If you design your program without fork, you'll probably end up with a cleaner and faster solution. Some things are best forgotten or never learned in the first place.

Can it though?

The beauty of (v)fork(+exec) is that it doesn't need a new interface for configuring the environment in whichever way you want before the other process starts. Instead you get to use the exact same means of modifying the environment to your needs, and once it's done, you can call exec and the new process inherits those things.

I mean, just look at the interface of posix_spawn.

I grant though that this isn't without its problems (including performance) and IMO e.g. FD_CLOEXEC is one example of how those problems can be patched up. It's like the reverse problem: you have too wide implicit interface in it, and then you need to come up with all these ways to be explicit about some things.

Add to that, fork is (was) very inefficient.

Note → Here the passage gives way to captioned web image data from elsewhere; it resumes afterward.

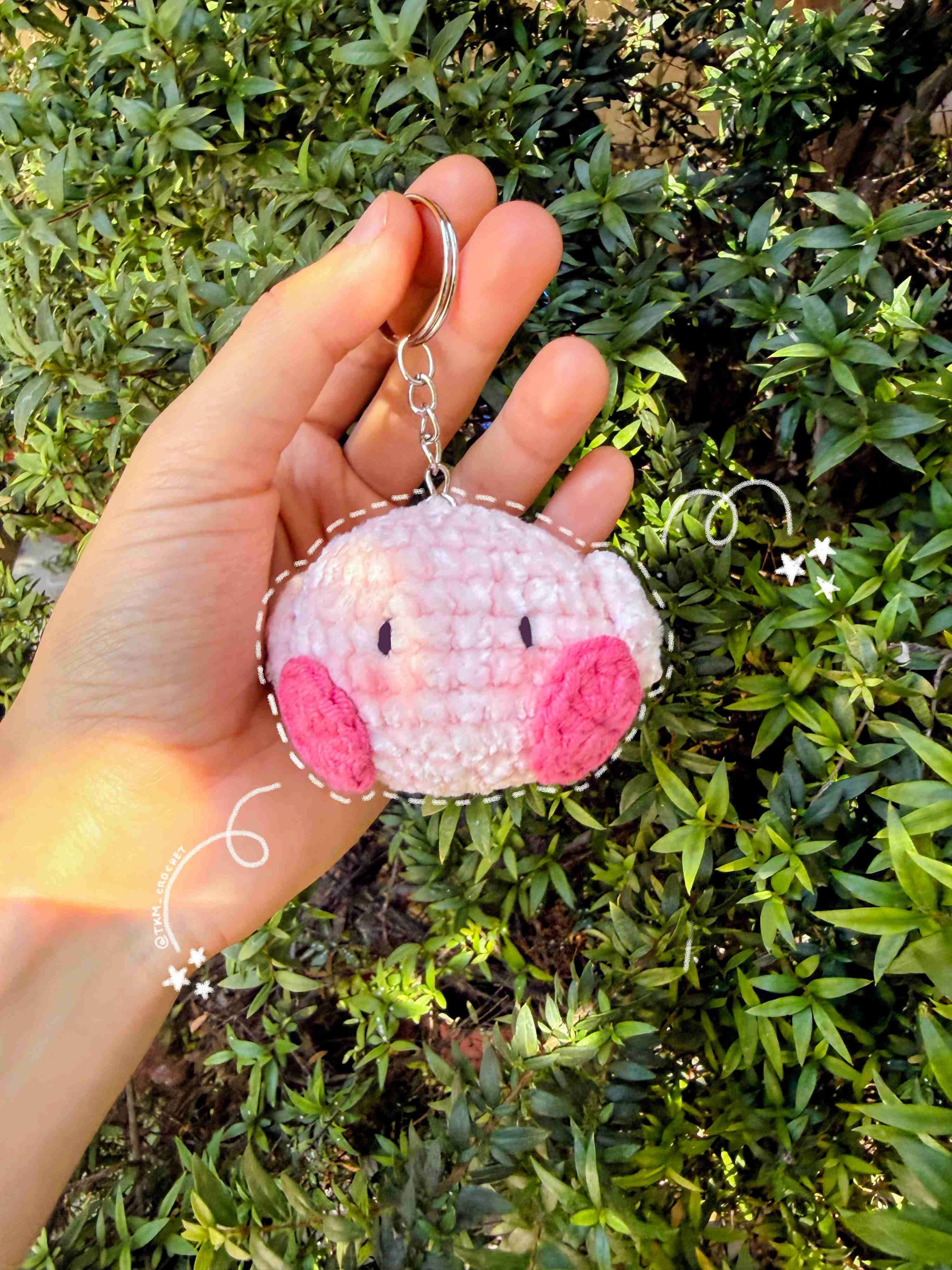 Llavero kyrbi tejido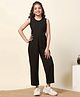 Fashion Dream Sleeveless Solid Jumpsuit - Black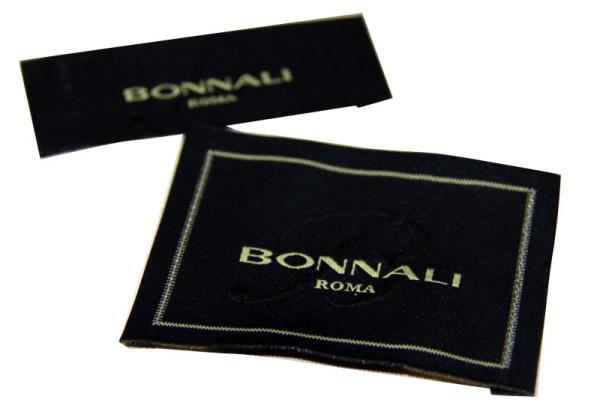 luxury high class Satin / Cotton Clothing Woven Labels With Customized Logo / Color / Shape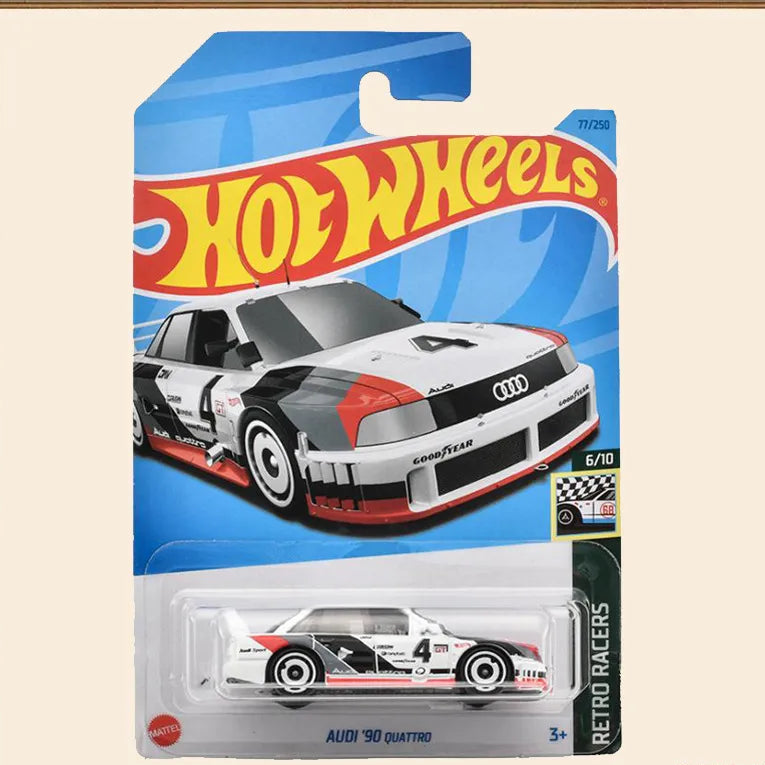 Hot Wheels Audi '90 Quattro Retro Racers Car
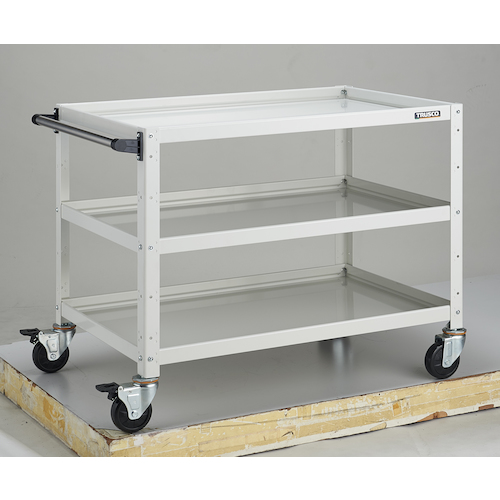 トラスコ TRUSCO ツールワゴン バーディワゴン 900X600XH740 ウレタン車輪 ホワイト BDW-793U-W 818-3761 (商品コード：173585)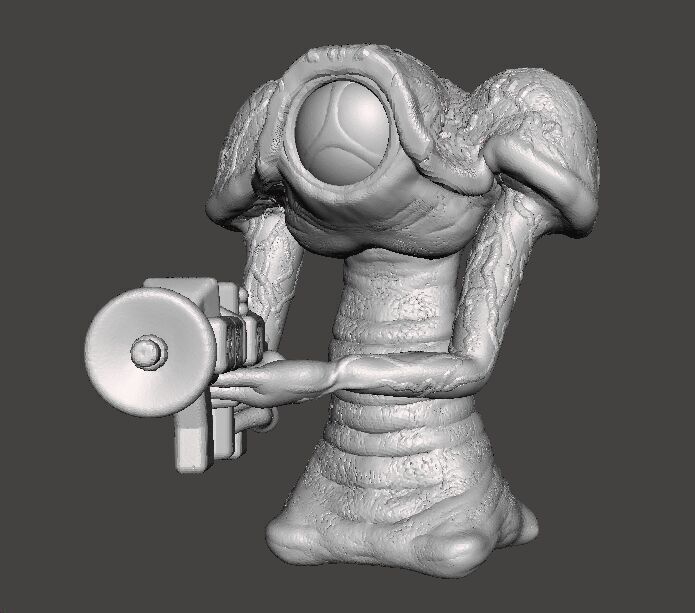 WAR OF THE WORLDS 1953 MARTIAN W BLASTER MODEL FIGURE SCIFI RPG 3D print model_2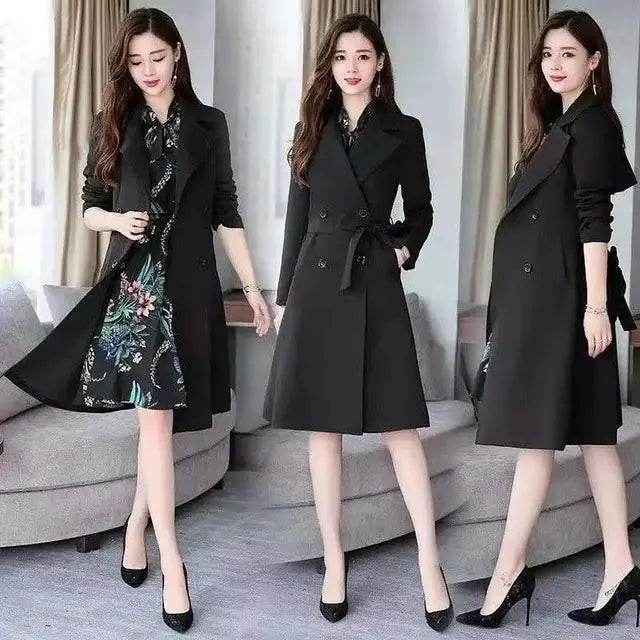 Chic Double Breasted Dress Blazer Set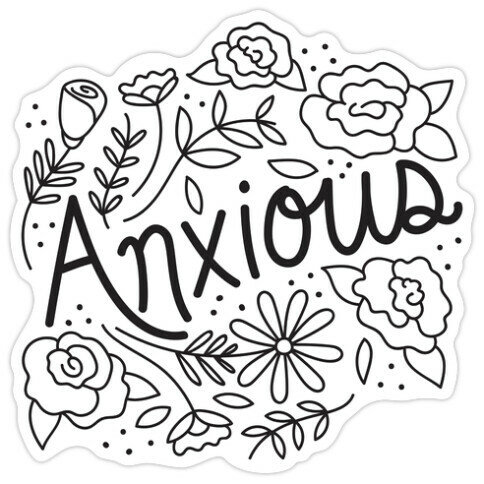 Anxious Florals Die Cut Sticker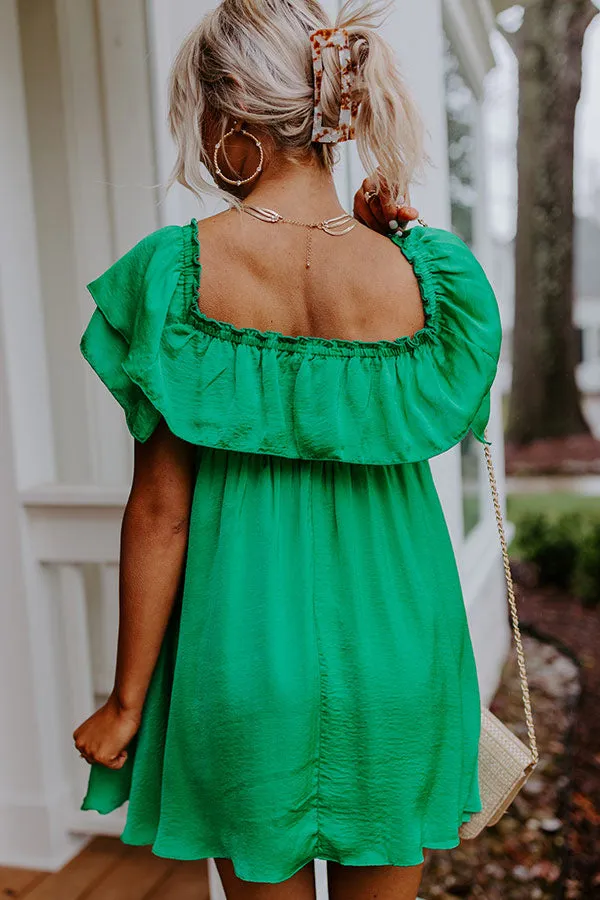 Dream All Day Babydoll Dress In Green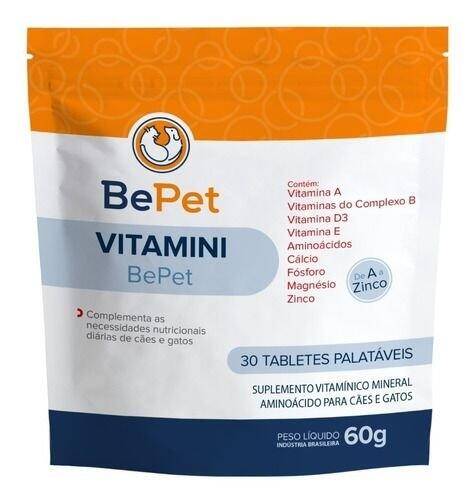 Suplemento Vitaminico Vitamini Bepet - 60g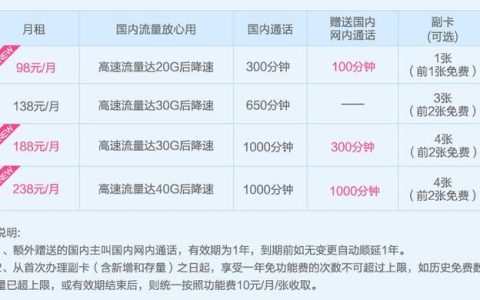 2023移动最划算套餐推荐，流量大、通话多、价格低
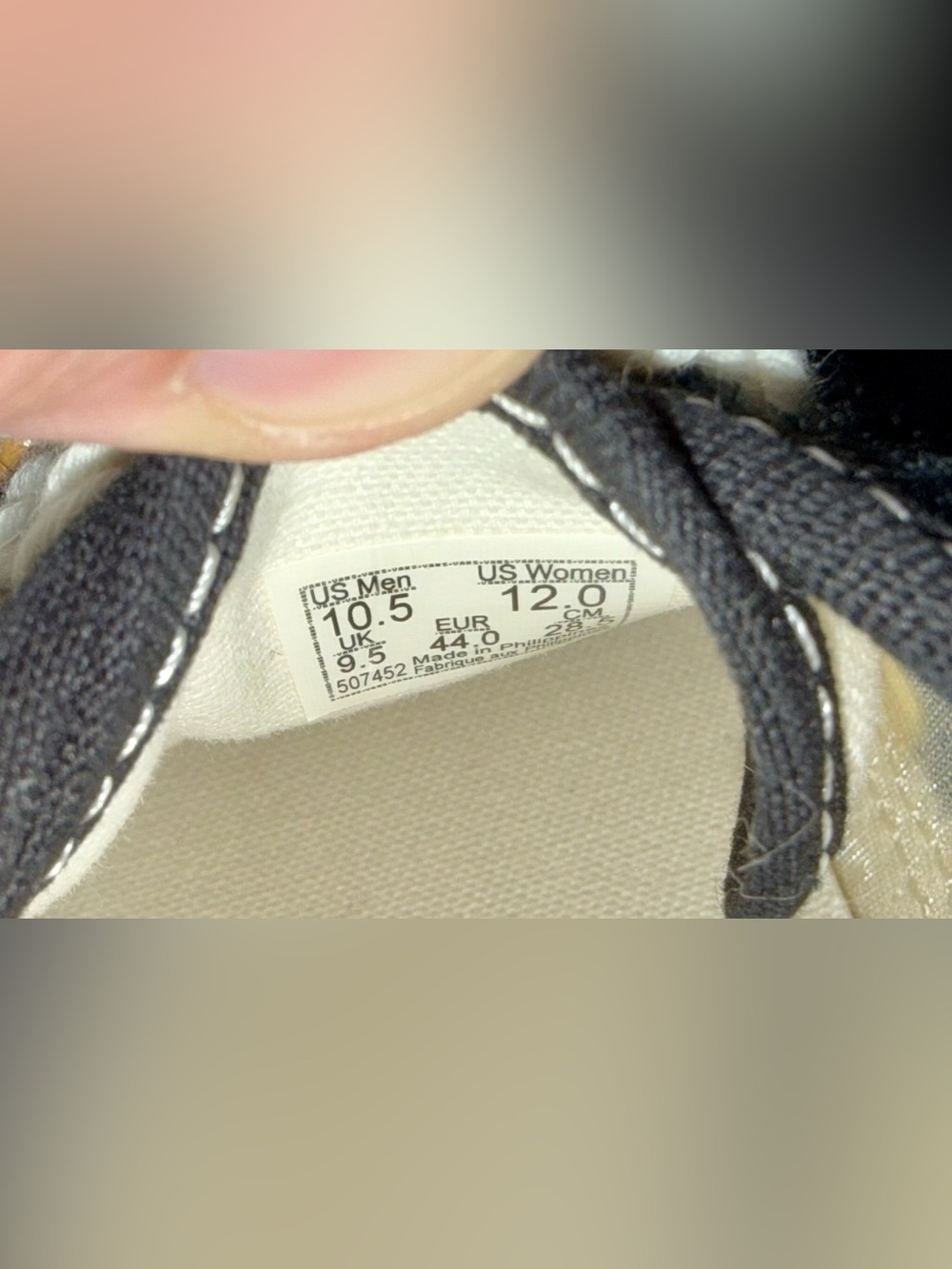 NWOB Vans Premium Authentic 44 Needlework Shoes Sneakers Floral Men’s US 10.5 - Picture 7 of 7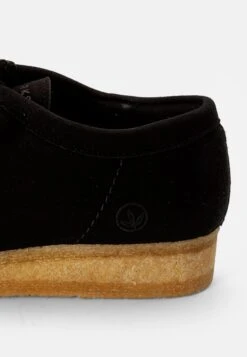 Clarks Originals Wallabee - Zapatos Con Cordones - Black Vegan -Ofertas Clarks Tienda 1a71576d4b3b467bbf0e857f65a4d06c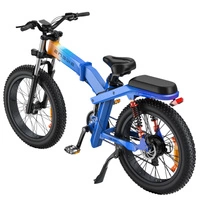 ENGWE X24 foldbar elcykel - 1200W effekt | 29.2Ah batteri | 31mph hastighed | 93mi rækkevidde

You had to duplicate the entire process state (page tables etc). Then the damn program would exec(), and you would tear it all down again. Took 100ms on older computers. Complete waste.

We would resort to making a weak copy, with page tables faulting in only if you used them. A lot of drama, so the user could make a goofy call that they didn't really want most of the time.

A thread is not the same thing of a process. There are situations where you are fine with a thread, other where you need a process.